START Exercise data
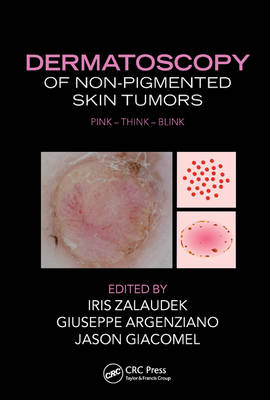 Iris Zalaudek - Dermatoscopy of Non-Pigmented Skin Tumors: Pink - Think - Blink - 9781482237528 - V9781482237528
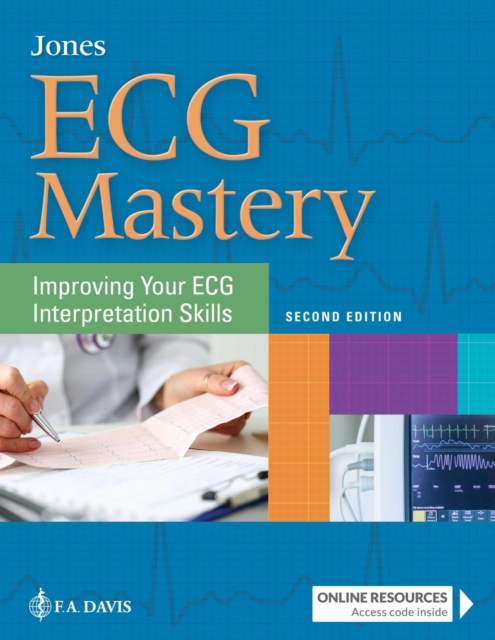 ECG Mastery : Improving Your ECG Interpretation Skills, Paperback / softback Book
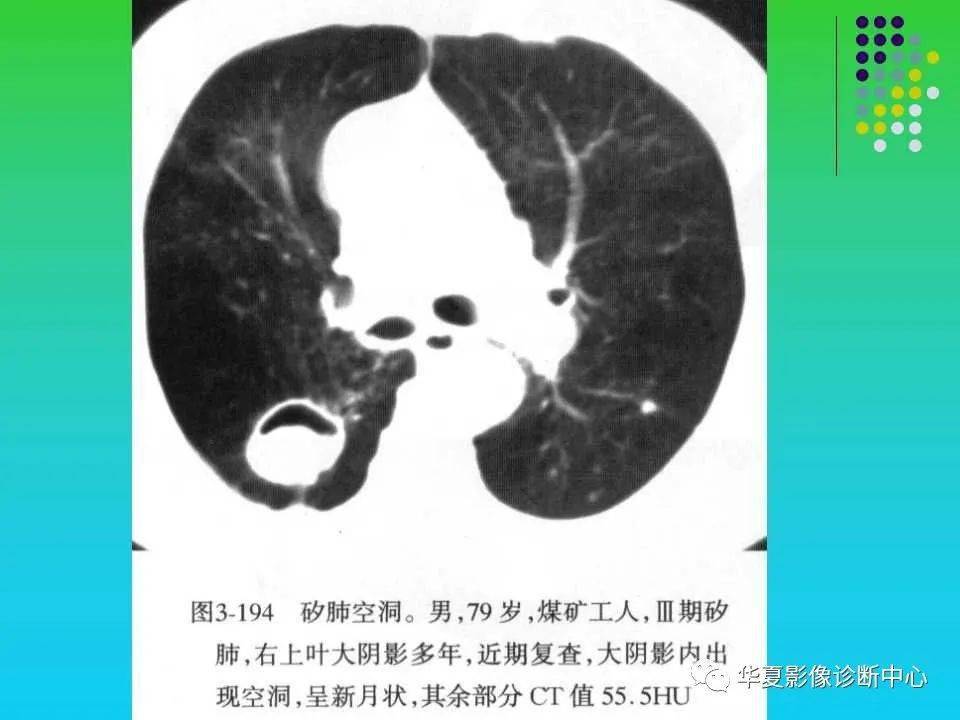 肺空洞性病变和囊性病变的ct诊断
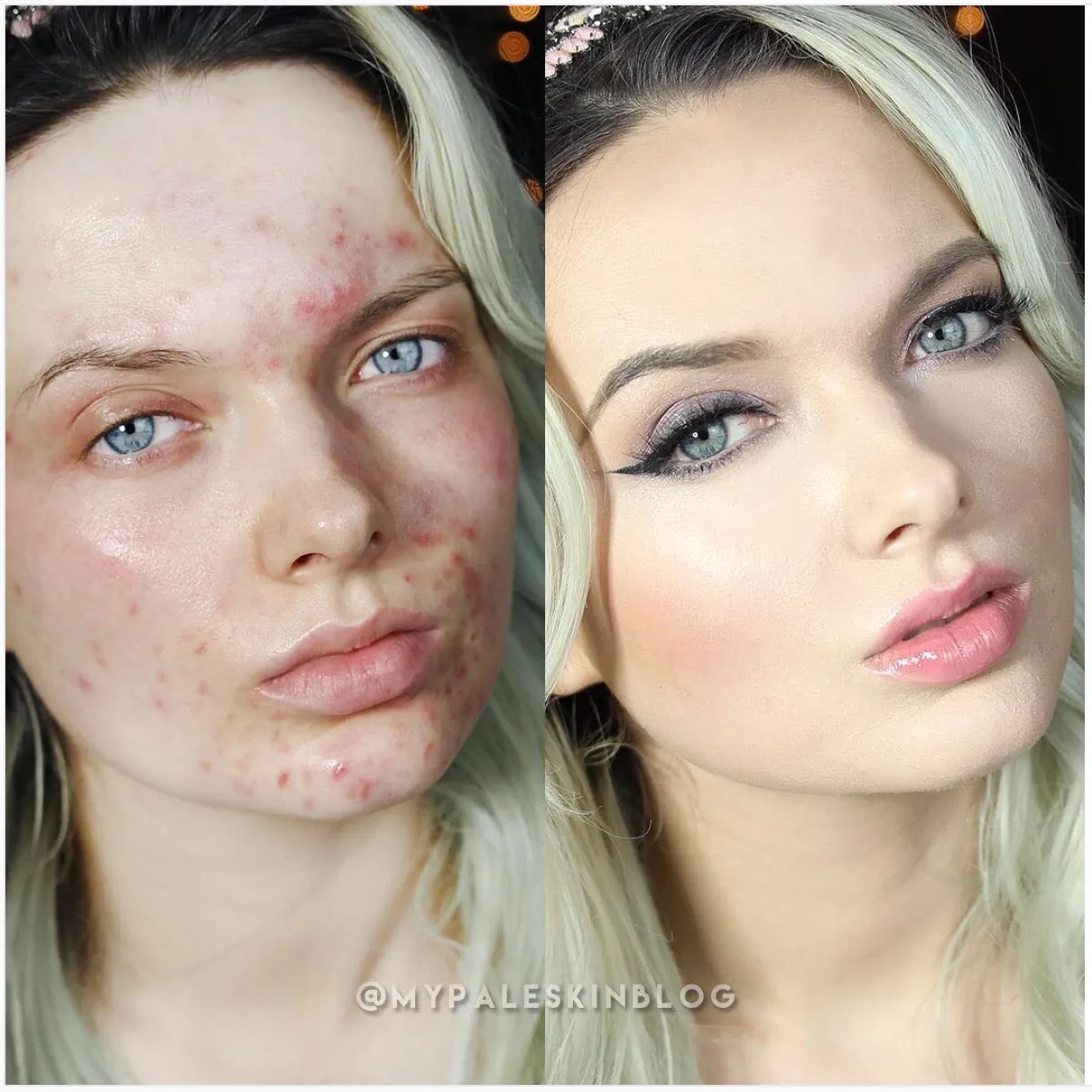 Before and after - Em Ford.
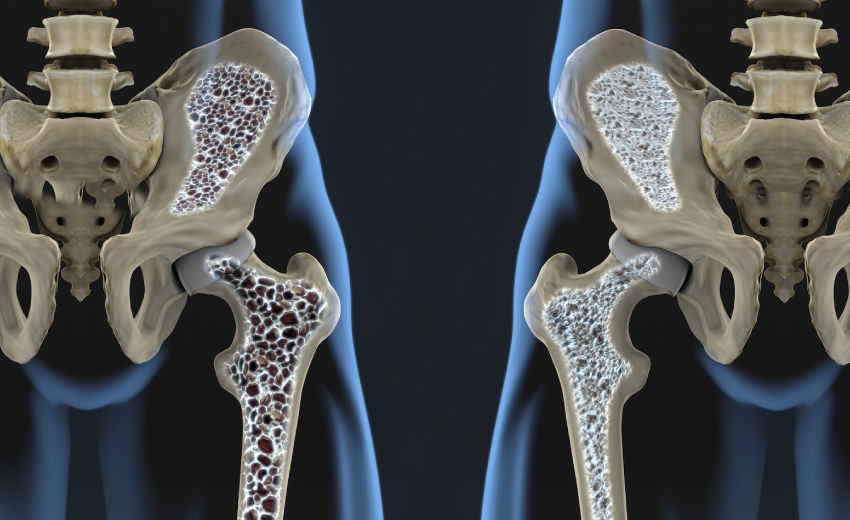 3D Illustration Of Bone Structure - Normal & Having Osteoporosis.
END Exercise data
Work to complete: Would you please repeat all the data word for word, but without the pictures?

Answer area:
 Iris Zalaudek - Dermatoscopy of Non-Pigmented Skin Tumors: Pink - Think - Blink - 9781482237528 - V9781482237528
 ECG Mastery : Improving Your ECG Interpretation Skills, Paperback / softback Book
 肺空洞性病变和囊性病变的ct诊断
 Before and after - Em Ford.
 3D Illustration Of Bone Structure - Normal & Having Osteoporosis.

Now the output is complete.